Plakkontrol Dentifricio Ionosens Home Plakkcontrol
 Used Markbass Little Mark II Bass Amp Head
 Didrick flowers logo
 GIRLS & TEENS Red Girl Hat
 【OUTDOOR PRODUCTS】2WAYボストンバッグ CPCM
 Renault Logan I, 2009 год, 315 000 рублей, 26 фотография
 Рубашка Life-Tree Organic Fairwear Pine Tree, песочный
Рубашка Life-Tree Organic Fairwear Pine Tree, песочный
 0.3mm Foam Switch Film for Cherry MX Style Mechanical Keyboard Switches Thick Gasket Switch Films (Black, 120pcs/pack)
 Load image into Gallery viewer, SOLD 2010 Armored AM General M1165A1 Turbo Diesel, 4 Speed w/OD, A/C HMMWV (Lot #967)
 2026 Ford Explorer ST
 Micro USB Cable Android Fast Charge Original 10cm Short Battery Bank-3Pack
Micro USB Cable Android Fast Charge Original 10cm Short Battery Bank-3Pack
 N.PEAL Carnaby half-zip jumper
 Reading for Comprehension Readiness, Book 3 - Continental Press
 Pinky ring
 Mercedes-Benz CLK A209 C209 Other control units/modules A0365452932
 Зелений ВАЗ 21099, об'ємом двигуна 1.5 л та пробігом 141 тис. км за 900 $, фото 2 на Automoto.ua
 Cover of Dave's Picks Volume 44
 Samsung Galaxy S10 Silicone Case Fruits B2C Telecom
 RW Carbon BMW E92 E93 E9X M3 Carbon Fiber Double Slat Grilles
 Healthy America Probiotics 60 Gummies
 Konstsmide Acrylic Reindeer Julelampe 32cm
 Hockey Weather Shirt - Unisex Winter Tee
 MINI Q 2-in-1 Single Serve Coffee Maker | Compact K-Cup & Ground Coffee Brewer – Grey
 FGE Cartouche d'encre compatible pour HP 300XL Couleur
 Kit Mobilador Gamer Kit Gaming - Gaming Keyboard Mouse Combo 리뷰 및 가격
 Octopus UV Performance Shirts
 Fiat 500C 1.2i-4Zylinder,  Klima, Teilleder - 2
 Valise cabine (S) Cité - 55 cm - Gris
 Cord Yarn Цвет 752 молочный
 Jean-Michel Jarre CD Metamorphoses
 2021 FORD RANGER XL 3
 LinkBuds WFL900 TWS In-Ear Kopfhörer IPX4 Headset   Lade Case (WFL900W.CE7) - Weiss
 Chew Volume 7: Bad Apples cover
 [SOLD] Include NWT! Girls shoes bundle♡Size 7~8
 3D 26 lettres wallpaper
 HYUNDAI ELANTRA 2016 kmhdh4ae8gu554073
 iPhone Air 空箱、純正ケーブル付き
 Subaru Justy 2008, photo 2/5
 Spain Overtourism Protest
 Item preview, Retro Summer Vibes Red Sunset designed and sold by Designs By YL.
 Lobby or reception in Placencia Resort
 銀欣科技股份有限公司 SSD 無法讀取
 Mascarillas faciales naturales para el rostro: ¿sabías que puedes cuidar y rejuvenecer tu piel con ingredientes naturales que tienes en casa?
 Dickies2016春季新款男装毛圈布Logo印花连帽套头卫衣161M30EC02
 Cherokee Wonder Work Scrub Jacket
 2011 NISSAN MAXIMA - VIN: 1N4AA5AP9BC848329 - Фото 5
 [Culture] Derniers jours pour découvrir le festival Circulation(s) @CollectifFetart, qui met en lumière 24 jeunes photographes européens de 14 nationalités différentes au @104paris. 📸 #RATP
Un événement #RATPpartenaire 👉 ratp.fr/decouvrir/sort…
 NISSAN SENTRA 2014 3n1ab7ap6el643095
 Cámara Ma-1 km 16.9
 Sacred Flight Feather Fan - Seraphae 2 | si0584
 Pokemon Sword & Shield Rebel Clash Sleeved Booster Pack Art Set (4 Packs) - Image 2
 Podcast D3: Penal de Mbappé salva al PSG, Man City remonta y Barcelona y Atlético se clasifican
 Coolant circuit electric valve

ACTIVITY:
Exactly reproduce the lines from the one containing "Un événement #RATPpartenaire" through the end of the records, and only those lines.

RESULT OF THE TASK:
Un événement #RATPpartenaire 👉 ratp.fr/decouvrir/sort…
 NISSAN SENTRA 2014 3n1ab7ap6el643095
 Cámara Ma-1 km 16.9
 Sacred Flight Feather Fan - Seraphae 2 | si0584
 Pokemon Sword & Shield Rebel Clash Sleeved Booster Pack Art Set (4 Packs) - Image 2
 Podcast D3: Penal de Mbappé salva al PSG, Man City remonta y Barcelona y Atlético se clasifican
 Coolant circuit electric valve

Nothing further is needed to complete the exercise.